Mereka hanya tahu jurusan-jurusan yang paling populer saja. Akibatnya, pilihan
yang bisa mereka buat pun sangat terbatas. Maklum, mereka tidak banyak tahu
pilihan-pilihan yang tersedia bagi mereka. Lantas mereka pun kuatir berat
karena mereka tahu bahwa saingan mereka tidak sedikit. “Wah jangan-jangan aku
nggak bisa diterima nih. Saingannya banyak.” ujar mereka dalam cemas.
Kedua, mereka kurang mengenal
diri mereka sendiri. Mereka tidak tahu apa yang cocok bagi mereka. Sebagian
hanya ikut-ikutan teman, mengikuti saran orangtua, atau melihat tren, tanpa
mereka tahu apa yang sebenarnya mereka inginkan sendiri. Alhasil mereka
tertarik sana-sini tapi malah jadi kebingungan. Itu persis sama dengan ketika
berencana untuk membeli baju dan pergi ke mall, tapi sampai di Mall malah jadi
bingung sendiri karena bajunya bagus-bagus dan tertarik dengan semuanya.

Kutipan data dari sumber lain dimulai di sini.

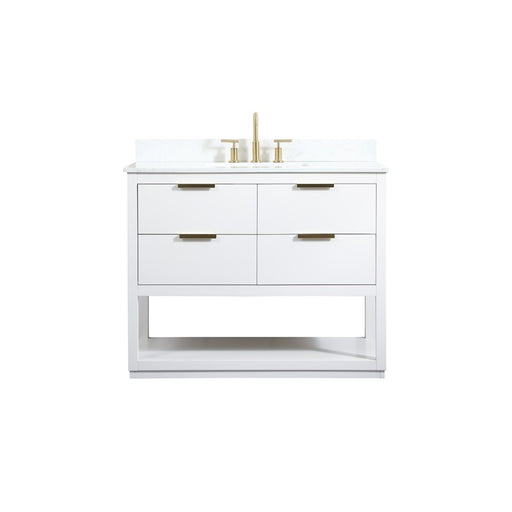 Elegant Larkin 42" Single Bathroom Vanity, White/Backsplash - VF19242WH-BS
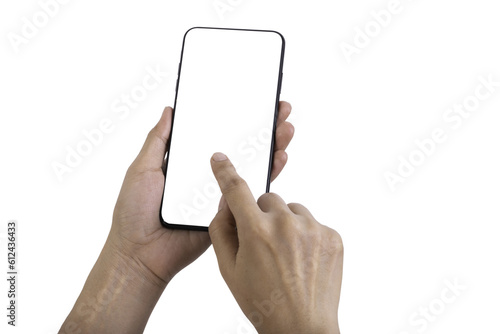 Finger of girl touch on screen smartphone to use somethings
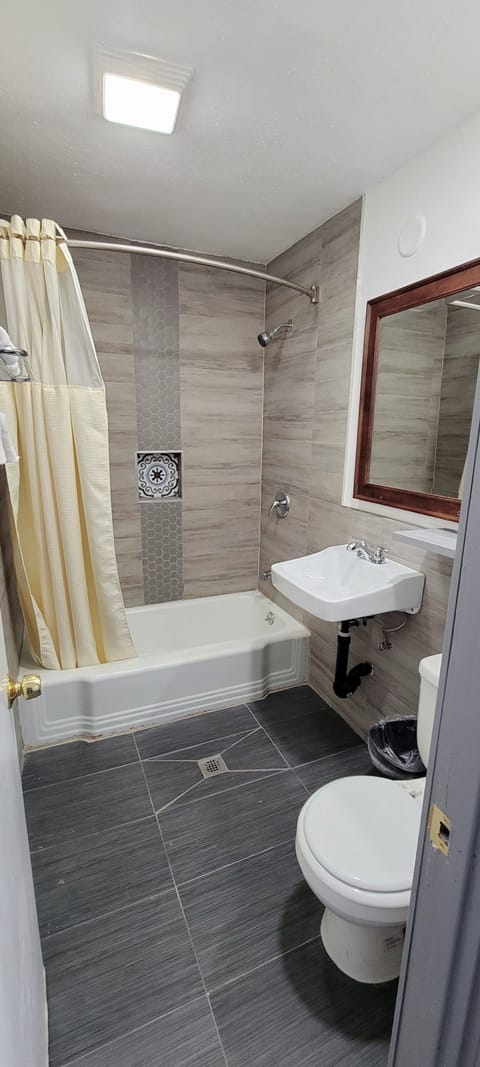 Standard Queen Room | Bathroom | Combined shower/tub, free toiletries, towels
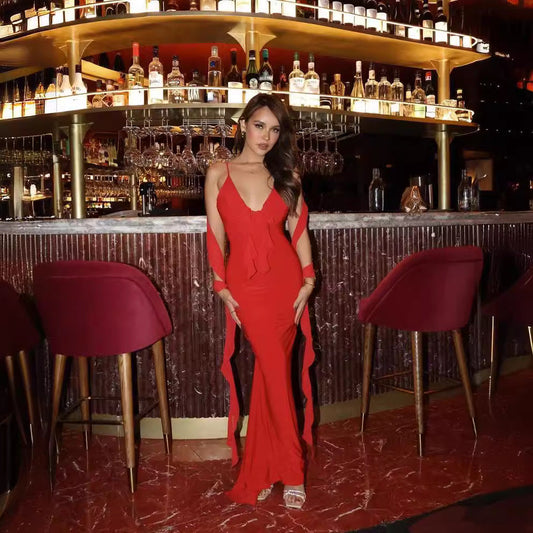 Damen Sommer Sexy Kleid V-Ausschnitt Rückenfrei Slim Fit Schultergurt Fischschwanz Abendkleid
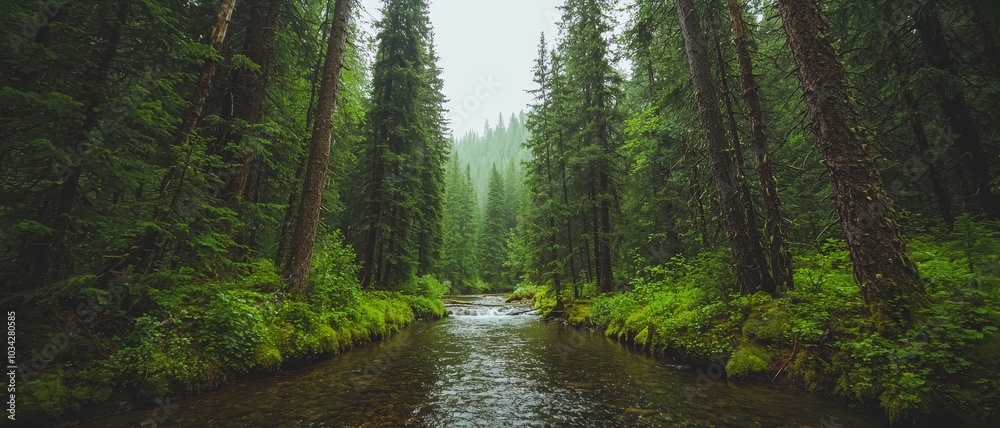 Obraz premium Serene Forest Stream Landscape Peaceful Flow in Enchanted Woods - Tranquil Nature Scene, Lush Greenery, Reflections of Trees and Mist - Calm and Serene Woodland Escape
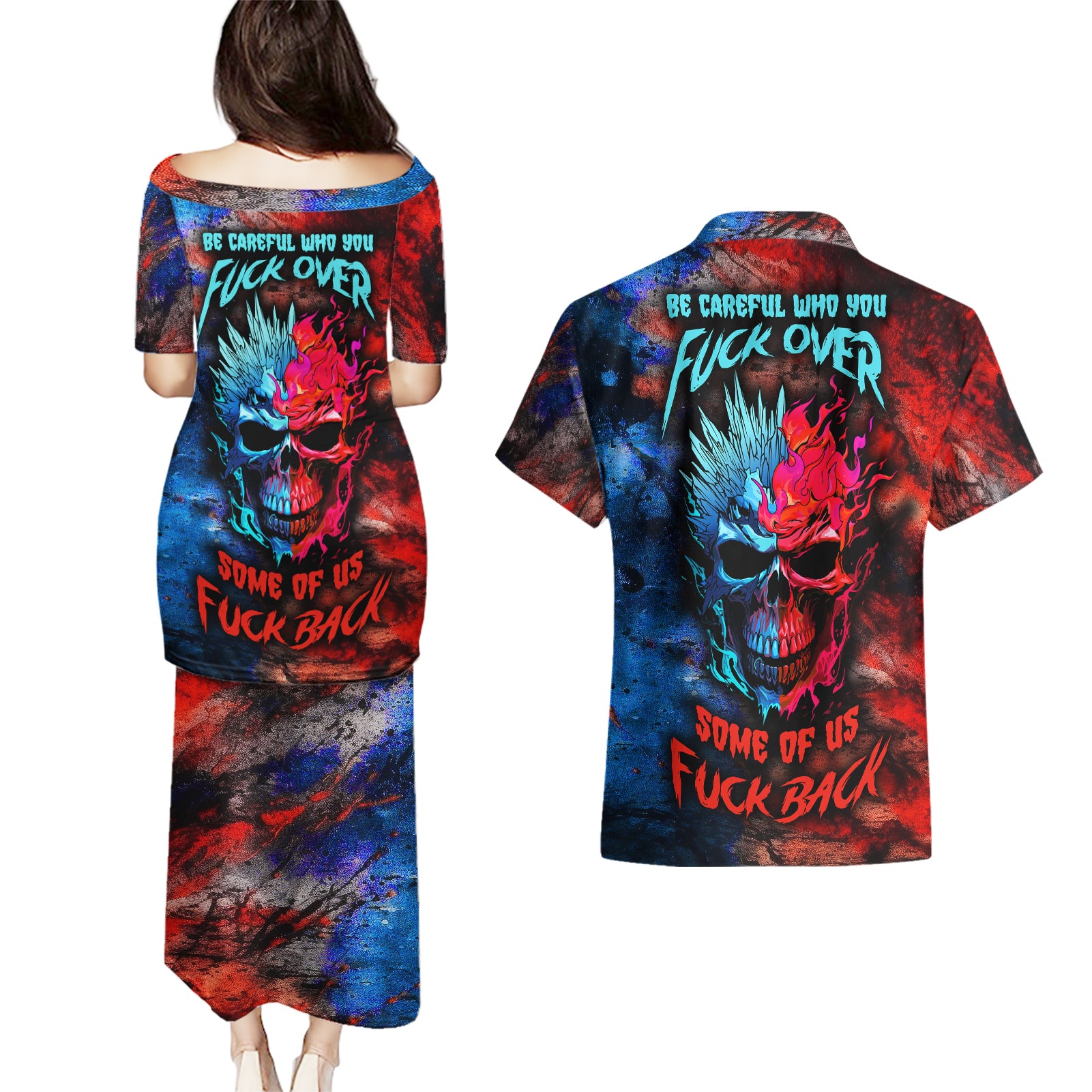 be-careful-skull-couples-matching-puletasi-dress-and-hawaiian-shirt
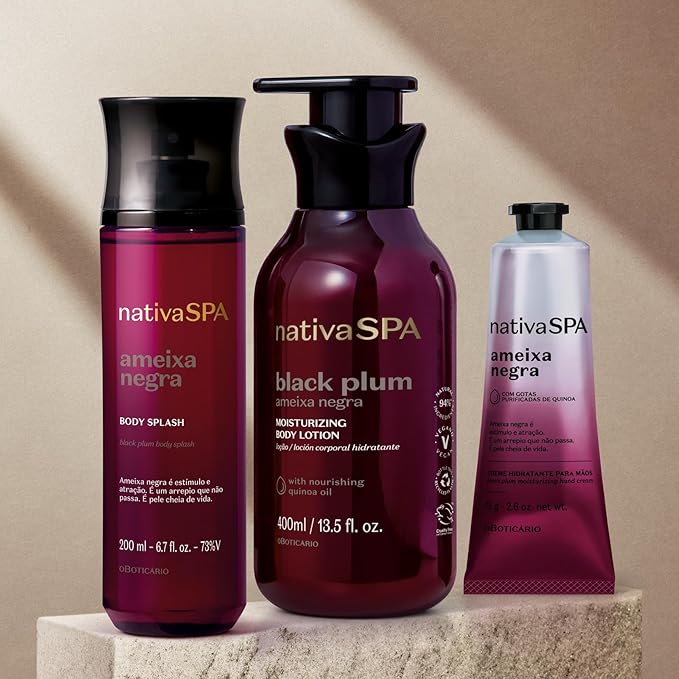 Nativa SPA by O Boticário, Black Plum Moisturizing Body Lotion, Long-Lasting Hydration and Lightweight, Fragranced Moisturizer, 13.5 Ounce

Alhasil mereka tidak tahu mana jurusan-jurusan yang sesuai untuk diri mereka.
Di sisi lain, mereka berpacu dengan waktu. Mau tidak mau mereka harus
menentukan pilihan. Tak heran jika mereka sangat digelisahkan oleh hal
tersebut.
Ketiga, kekuatiran terhadap
kemampuan ekonomi keluarga menyokong biaya saat kuliah. Hal ini banyak dialami
oleh mereka yang berasal dari kalangan keluarga yang kondisi ekonominya
menengah ke bawah. Pilihan mereka terbatas karena jurusan yang diambilnya harus
yang tidak berbiaya mahal. Padahal, beberapa jurusan diketahui memerlukan biaya
besar. So, mereka tidak bisa memilih jurusan-jurusan mahal. Bahkan, sebagian
besar siswa di Indonesia tidak tahu apakah mereka bisa kuliah atau
tidak. Sangat banyak siswa yang saat hampir lulus diajak bicara
khusus oleh orangtuanya hanya untuk diberitahu, “Nak, kami tidak bisa
menguliahkanmu. Kami tidak punya biaya.” Jadi kamu adalah orang-orang yang
sangat beruntung jika orangtuamu bisa menjamin kamu kuliah. Ingatlah bahwa
sebagian besar siswa yang lulus Sekolah Menengah di Indonesia tidak bisa kuliah
karena tidak ada biaya.
PERTIMBANGAN-PERTIMBANGAN YANG UMUM DIAMBIL SAAT MEMILIH JURUSAN
Tahu atau tidak tahu ragam
jenis jurusan-jurusan yang ada berikut prospektusnya (peluang karirnya); paham
atau tidak paham dengan dirinya; pada akhirnya semua orang yang akan kuliah
mesti memilih jurusannya. Berikut adalah pertimbangan-pertimbangan yang umumnya
diambil ketika memilih jurusan:
1. Teman
Cukup banyak orang yang
memilih jurusannya karena teman baiknya memilih jurusan itu. “Tergantung
pilihan Ika, Ma!” jawab Novi saat ditanya Mamanya jurusan apa yang akan dipilih
kelak ketika kuliah. Terang saja Mamanya Novi kaget. Ketika diselusur lebih
jauh, ketahuanlah kalau Novi merasa kuatir kelak harus menjalin pertemanan baru
dengan orang-orang yang sama sekali asing. Jadi, Novi merasa lebih aman dan nyaman
jika kuliah satu jurusan dengan teman terbaiknya di SMA karena berarti sudah
punya teman saat masuk kuliah.
Nah, apakah kamu berpikir seperti Novi? Faktanya
banyak sekali orang yang berpikir seperti Novi. Satu-satunya alasan mereka
memilih sebuah jurusan adalah karena teman baiknya memilih jurusan itu.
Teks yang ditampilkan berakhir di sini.